- _HOW TO COMPLETE THIS TASK_
Would you please output, word for word, the span of the listing below that opens on the line containing "Vintage Regency Monogram" and closes on the line containing "2Pcs Bill Fixed"? Include both ends and nothing more.
[Opening RECORDS FOR THIS TASK section]
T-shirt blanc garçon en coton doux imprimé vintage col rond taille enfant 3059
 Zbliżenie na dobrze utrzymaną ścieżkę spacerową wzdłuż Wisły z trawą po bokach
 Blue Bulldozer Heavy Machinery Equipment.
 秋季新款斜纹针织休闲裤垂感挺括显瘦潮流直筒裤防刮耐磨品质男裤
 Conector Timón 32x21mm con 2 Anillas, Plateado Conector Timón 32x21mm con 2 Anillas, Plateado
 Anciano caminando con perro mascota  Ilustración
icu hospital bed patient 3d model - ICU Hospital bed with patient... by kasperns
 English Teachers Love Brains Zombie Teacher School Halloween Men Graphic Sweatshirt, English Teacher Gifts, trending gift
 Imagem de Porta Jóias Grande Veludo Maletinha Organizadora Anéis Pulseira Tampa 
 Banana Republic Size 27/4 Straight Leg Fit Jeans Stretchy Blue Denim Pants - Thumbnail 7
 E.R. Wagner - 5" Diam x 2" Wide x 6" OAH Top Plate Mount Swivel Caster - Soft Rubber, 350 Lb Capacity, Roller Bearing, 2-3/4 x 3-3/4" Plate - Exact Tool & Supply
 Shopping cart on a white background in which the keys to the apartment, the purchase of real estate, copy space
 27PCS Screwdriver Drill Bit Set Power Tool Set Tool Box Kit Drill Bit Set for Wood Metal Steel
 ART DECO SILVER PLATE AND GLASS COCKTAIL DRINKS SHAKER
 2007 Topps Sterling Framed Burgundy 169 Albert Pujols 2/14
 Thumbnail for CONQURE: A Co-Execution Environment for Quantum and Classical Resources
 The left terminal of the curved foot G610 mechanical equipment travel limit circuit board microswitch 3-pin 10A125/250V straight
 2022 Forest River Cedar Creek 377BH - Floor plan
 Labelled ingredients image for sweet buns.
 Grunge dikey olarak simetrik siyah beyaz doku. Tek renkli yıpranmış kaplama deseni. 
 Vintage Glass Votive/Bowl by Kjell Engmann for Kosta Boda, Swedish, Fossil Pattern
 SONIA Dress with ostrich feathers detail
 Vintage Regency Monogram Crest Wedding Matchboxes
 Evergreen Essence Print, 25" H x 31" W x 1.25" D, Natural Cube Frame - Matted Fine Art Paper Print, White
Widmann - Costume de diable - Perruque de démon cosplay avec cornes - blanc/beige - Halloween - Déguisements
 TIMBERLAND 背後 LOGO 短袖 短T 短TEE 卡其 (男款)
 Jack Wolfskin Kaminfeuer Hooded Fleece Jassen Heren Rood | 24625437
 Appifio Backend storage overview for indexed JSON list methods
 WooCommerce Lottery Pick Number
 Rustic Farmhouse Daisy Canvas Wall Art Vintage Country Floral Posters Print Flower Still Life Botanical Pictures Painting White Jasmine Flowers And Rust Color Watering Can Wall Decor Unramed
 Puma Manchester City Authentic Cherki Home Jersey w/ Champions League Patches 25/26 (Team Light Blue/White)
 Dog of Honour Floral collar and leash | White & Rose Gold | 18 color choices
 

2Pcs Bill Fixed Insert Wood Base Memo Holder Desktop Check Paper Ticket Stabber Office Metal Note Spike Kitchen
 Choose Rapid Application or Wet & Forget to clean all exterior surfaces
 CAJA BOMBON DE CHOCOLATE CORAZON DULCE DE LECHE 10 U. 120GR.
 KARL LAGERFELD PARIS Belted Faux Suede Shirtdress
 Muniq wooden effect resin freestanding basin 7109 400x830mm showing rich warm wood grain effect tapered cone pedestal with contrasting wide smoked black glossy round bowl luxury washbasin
[Closing RECORDS FOR THIS TASK section]
- _OUTPUT OF THE TASK_
 Vintage Regency Monogram Crest Wedding Matchboxes
 Evergreen Essence Print, 25" H x 31" W x 1.25" D, Natural Cube Frame - Matted Fine Art Paper Print, White
Widmann - Costume de diable - Perruque de démon cosplay avec cornes - blanc/beige - Halloween - Déguisements
 TIMBERLAND 背後 LOGO 短袖 短T 短TEE 卡其 (男款)
 Jack Wolfskin Kaminfeuer Hooded Fleece Jassen Heren Rood | 24625437
 Appifio Backend storage overview for indexed JSON list methods
 WooCommerce Lottery Pick Number
 Rustic Farmhouse Daisy Canvas Wall Art Vintage Country Floral Posters Print Flower Still Life Botanical Pictures Painting White Jasmine Flowers And Rust Color Watering Can Wall Decor Unramed
 Puma Manchester City Authentic Cherki Home Jersey w/ Champions League Patches 25/26 (Team Light Blue/White)
 Dog of Honour Floral collar and leash | White & Rose Gold | 18 color choices
 

2Pcs Bill Fixed Insert Wood Base Memo Holder Desktop Check Paper Ticket Stabber Office Metal Note Spike Kitchen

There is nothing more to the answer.